EXERCISE REQUIREMENTS: From the listing below, copy each line that contains the word "Maxi".

DATA PROVIDED:
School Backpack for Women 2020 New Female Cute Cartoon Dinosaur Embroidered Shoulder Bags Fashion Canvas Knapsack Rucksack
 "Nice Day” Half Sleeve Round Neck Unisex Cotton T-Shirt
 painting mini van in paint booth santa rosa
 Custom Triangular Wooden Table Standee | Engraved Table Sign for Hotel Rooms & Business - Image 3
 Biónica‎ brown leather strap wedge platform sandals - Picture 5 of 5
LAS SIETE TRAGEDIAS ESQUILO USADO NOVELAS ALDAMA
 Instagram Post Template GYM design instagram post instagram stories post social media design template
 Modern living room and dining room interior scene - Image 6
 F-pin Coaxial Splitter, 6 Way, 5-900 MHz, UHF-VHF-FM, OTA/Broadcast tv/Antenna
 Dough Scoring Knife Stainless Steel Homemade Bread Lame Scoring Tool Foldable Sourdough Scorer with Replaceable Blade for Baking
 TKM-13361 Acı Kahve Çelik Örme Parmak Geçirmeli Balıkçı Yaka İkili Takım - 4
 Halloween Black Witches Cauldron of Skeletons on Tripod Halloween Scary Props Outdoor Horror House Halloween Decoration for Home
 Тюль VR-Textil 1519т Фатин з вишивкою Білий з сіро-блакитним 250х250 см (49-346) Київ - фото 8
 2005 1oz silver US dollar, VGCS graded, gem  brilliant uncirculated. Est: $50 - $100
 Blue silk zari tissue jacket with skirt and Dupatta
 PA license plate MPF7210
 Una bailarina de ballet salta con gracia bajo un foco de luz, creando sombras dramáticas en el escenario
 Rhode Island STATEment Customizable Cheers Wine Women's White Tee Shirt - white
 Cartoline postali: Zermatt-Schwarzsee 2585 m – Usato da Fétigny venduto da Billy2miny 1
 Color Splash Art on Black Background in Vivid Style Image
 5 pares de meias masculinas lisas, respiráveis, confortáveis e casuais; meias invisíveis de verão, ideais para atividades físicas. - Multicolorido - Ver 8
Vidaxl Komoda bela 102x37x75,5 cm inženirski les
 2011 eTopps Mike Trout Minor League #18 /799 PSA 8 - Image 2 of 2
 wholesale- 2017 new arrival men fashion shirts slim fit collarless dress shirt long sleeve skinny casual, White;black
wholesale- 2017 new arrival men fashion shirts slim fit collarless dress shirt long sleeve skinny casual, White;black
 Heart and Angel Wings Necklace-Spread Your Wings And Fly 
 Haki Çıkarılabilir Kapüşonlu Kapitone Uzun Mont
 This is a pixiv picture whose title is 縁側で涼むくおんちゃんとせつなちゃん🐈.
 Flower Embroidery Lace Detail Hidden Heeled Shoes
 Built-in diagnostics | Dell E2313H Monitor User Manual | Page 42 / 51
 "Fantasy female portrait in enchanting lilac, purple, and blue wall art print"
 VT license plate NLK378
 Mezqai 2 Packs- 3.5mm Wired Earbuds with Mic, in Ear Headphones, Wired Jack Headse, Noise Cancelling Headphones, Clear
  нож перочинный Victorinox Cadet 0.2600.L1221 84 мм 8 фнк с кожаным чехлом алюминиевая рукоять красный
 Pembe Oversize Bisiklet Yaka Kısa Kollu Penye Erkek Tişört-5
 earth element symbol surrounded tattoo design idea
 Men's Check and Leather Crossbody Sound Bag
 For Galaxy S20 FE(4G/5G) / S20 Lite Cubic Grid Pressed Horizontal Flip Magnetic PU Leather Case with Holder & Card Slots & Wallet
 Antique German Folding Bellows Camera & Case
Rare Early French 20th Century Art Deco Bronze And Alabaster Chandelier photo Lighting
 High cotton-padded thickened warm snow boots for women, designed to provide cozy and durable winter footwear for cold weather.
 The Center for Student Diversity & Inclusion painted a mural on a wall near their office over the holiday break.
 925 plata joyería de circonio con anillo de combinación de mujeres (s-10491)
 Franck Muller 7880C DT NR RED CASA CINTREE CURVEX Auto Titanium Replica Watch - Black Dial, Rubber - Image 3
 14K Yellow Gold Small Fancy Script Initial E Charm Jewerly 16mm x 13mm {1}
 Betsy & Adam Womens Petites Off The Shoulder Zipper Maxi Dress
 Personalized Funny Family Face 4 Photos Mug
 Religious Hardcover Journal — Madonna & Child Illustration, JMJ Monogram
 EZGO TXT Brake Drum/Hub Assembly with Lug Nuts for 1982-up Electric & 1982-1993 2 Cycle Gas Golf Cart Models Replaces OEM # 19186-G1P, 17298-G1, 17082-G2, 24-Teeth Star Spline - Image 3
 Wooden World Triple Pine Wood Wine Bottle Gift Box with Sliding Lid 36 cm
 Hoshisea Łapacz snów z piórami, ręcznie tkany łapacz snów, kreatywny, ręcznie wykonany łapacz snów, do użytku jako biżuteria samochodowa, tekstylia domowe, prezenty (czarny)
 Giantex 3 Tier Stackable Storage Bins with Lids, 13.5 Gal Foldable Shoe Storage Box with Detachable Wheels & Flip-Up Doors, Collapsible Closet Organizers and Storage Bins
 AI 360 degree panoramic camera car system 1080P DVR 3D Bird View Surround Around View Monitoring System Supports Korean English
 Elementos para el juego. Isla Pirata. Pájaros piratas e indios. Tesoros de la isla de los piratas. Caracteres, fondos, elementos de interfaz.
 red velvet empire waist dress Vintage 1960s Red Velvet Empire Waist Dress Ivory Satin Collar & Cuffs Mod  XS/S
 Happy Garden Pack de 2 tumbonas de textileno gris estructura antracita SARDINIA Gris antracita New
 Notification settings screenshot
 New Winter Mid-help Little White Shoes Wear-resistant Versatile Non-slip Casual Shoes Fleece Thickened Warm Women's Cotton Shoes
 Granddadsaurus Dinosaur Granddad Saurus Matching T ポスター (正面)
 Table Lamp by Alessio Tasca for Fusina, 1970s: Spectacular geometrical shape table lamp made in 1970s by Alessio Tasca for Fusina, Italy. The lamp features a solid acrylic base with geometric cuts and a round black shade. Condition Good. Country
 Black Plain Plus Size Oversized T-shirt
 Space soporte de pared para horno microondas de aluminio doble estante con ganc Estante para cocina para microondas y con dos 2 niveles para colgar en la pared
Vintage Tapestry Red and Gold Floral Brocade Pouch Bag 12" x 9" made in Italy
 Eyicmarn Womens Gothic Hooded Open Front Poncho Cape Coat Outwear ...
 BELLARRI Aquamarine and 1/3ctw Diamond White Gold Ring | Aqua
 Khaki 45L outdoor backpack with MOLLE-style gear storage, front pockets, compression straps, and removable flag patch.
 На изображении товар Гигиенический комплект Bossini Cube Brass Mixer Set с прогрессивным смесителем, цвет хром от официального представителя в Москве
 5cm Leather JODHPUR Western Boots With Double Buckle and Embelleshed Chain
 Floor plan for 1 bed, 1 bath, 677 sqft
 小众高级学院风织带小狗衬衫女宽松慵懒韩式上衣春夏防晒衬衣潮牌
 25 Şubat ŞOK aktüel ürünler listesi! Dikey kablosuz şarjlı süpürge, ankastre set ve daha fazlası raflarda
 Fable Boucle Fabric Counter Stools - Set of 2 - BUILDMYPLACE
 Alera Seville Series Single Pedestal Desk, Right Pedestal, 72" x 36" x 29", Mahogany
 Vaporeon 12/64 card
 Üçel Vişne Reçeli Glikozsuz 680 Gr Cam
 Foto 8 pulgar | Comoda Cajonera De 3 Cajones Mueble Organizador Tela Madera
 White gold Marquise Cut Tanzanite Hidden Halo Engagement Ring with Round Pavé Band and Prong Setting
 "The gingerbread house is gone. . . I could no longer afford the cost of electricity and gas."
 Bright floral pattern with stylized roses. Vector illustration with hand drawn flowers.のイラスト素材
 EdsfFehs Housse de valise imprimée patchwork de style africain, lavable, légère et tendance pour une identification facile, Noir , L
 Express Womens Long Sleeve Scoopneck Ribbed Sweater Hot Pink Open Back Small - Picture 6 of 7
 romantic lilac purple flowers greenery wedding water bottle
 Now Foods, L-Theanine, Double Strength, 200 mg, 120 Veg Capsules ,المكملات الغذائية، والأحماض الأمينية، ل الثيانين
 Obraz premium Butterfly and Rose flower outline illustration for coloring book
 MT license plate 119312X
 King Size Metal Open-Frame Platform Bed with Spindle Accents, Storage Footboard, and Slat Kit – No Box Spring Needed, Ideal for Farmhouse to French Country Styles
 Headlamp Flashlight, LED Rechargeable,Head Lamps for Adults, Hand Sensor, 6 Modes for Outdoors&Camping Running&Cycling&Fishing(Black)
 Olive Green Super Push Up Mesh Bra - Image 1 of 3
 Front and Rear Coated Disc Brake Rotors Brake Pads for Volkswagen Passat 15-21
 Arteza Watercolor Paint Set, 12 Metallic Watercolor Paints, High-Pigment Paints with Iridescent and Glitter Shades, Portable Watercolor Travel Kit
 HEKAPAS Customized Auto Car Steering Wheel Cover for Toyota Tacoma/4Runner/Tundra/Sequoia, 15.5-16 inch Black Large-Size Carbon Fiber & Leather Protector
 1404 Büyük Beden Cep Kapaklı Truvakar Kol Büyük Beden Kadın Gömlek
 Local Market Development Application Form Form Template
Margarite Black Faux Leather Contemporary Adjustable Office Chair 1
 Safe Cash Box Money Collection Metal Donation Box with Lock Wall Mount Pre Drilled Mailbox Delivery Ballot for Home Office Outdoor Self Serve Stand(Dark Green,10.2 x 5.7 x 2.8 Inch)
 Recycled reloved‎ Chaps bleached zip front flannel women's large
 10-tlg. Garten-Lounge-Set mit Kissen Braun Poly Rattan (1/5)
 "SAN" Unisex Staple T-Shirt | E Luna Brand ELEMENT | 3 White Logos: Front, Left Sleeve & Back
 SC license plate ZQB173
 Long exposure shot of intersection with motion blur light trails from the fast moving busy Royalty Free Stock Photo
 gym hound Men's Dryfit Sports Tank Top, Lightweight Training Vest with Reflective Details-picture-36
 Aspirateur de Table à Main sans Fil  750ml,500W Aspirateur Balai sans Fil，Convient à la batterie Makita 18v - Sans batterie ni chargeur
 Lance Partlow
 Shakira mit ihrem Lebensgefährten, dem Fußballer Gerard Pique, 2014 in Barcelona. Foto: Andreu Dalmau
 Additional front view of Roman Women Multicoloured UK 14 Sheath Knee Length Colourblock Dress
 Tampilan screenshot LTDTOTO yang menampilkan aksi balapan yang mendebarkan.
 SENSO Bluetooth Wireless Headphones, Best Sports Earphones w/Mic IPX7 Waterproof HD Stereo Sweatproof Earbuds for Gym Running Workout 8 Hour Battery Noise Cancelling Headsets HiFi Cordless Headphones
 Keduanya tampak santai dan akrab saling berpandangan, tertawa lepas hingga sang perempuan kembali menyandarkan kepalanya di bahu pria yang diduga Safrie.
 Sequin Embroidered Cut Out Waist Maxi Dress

RESPONSE AREA:
 Betsy & Adam Womens Petites Off The Shoulder Zipper Maxi Dress
 Sequin Embroidered Cut Out Waist Maxi Dress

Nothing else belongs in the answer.